We enjoyed an entertaining evening with historical fiction author Clare Harvey on Thursday 1st November. Clare was the judge of our recent letter writing competition and, as well as announcing the winners, kindly added a few comments to each entry. The aim of the competition was to write a letter to someone who had influenced you, or changed your life, for better or worse, and could be fact or fiction.
Clare was keen to stress that the results were completely her own personal decision and what worked for her may not have been to another person’s taste. She commented on the originality of the entries with letters to all sorts of people with a range of emotions: some funny, some sentimental, some jealous or bitter, but all were a real pleasure to read.

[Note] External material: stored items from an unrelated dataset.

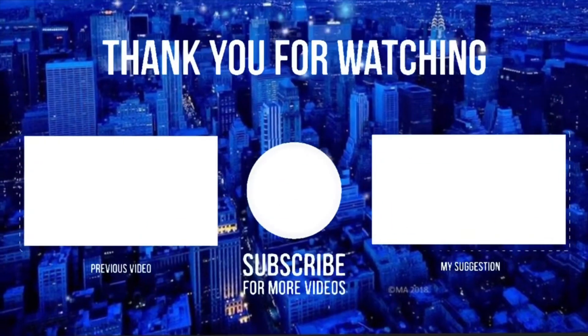What more could you ask for? I'll leave the link in the description down below and there's also a coupon code, so feel free to use it guys. Thanks for watching — don't forget to like, comment, subscribe. See you guys next time, bye!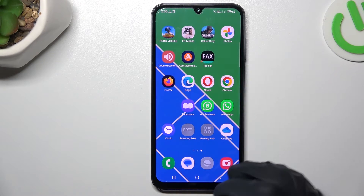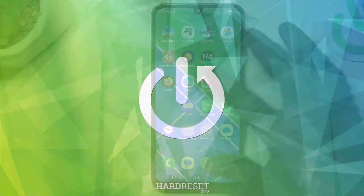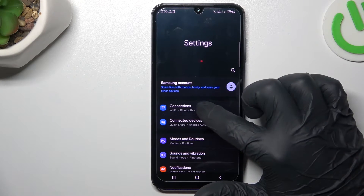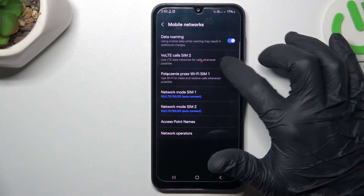So I'm going to show you how you can manage the VoLTE feature in Samsung Galaxy A25. Open Settings, then go to Connections and select Mobile Networks. As you can see, they have VoLTE calls.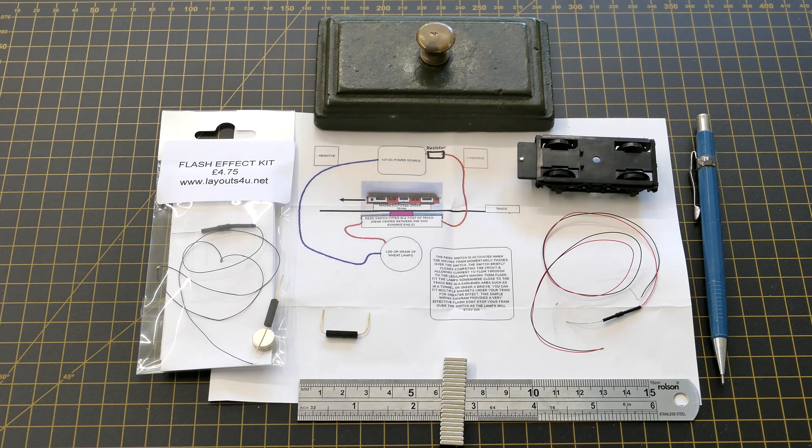This is an LED arc flash unit kit. The actual LED is tiny and comes pre-wired with its resistor. Also included is a reed switch and two circular magnets. However, for Uhurst Green, rectangular magnets are proposed with an offset reed switch.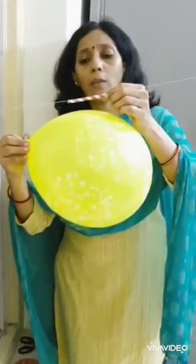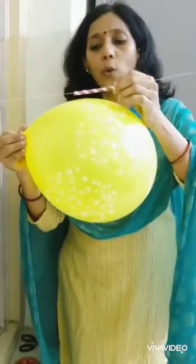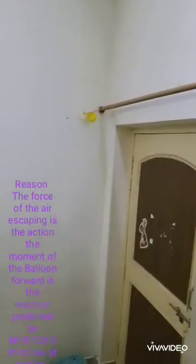Now attach this balloon to the straw with the help of cello tape. Your rocket is ready to launch! I hope you like all these experiments. Bye!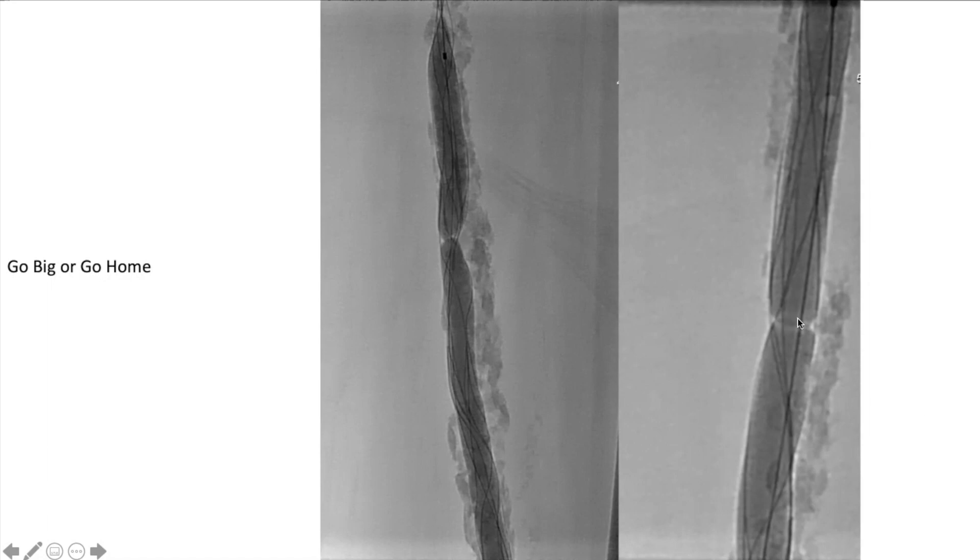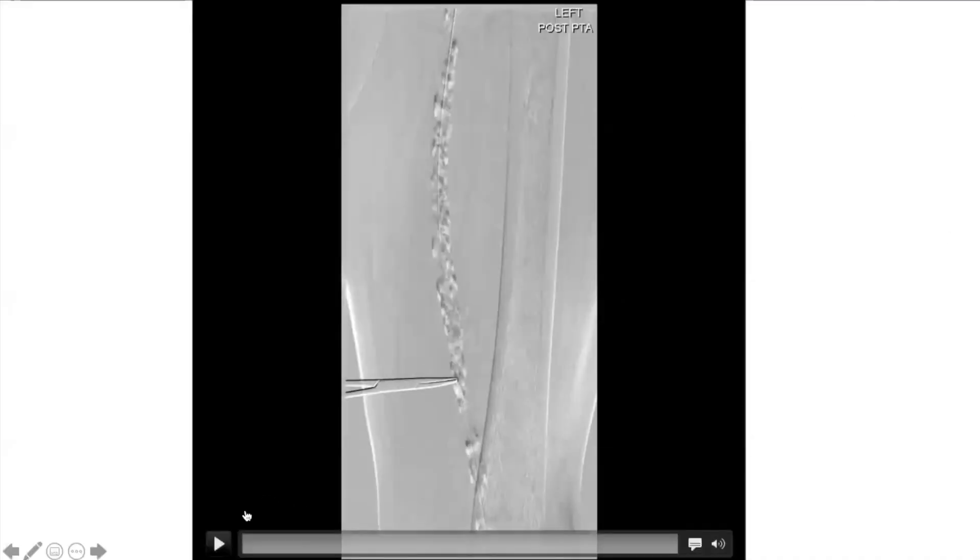One thing to know about AngioSculpts: they're a little finicky going through the sheath depending on which sheath you're using. They can get little kinks or areas of the balloon that cause a false waist. To distinguish: if you reposition the balloon and see the waist at a different location, it's in the balloon itself — not a true lesion waist. This happens because you have a long nitinol cage wrapped up going through the sheath.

In third place was Anne Howkins with a letter to her granddad. Clare praised the wonderfully descriptive passages of the land- and sea-scapes of Sutton on Sea and her childhood memories of jaunts with a grandparent.
In second place was an entry from Nick Rowe. This was completely different and read like a short story, unsettling and challenging with a slow reveal to a disturbing end.
First place went to Linda Cooper and was a letter written to Scarlett O’Hara. This was different again, making Clare laugh out loud as the author commented on the fickle behaviour of Scarlett whilst reading Gone With The Wind, accompanied by various bottles of wine. Clare said that humour is hard to do well and this was beautifully paced, original & witty. The letter ended with the feeling that the writer was suffering from a ‘book hangover’ as well as one of the traditional alcoholic kind.
One of the interesting (and cheering) facts about the winners was that all three are members of Fosseway Writers 🙂 In case anyone shouts “Fix!” we can assure you that Clare had no idea about who the authors were; as with all of our competitions the judge only receives anonymous entries with a simple entry number added to the top.
We then had a brief discussion about the use of letters in literature, both epistolary fiction, where the narrative comes from letters, and their importance as plot drivers. Clare read out an excerpt from her new book (The Escape, to be released in January 2019) where a letter reveals new information.
Finally, we attempted a short writing exercise where we had to think back to a time where we were feeling alone or beleaguered and then find a letter written to us from our future selves. This had some mixed results and we finished the evening with a discussion on individual responses to different writing methodologies and assured Clare that it’s very rare to have an exercise that everyone is comfortable with!
Our next meeting is on Thursday 15th November at the Organ Grinder pub where we will have an informal read out of anything people want to bring along that they have written (latest prompt, if you need it is “He couldn’t prevent the truth”) plus further planning of our ambitious new collaborative project. Hope to see you there!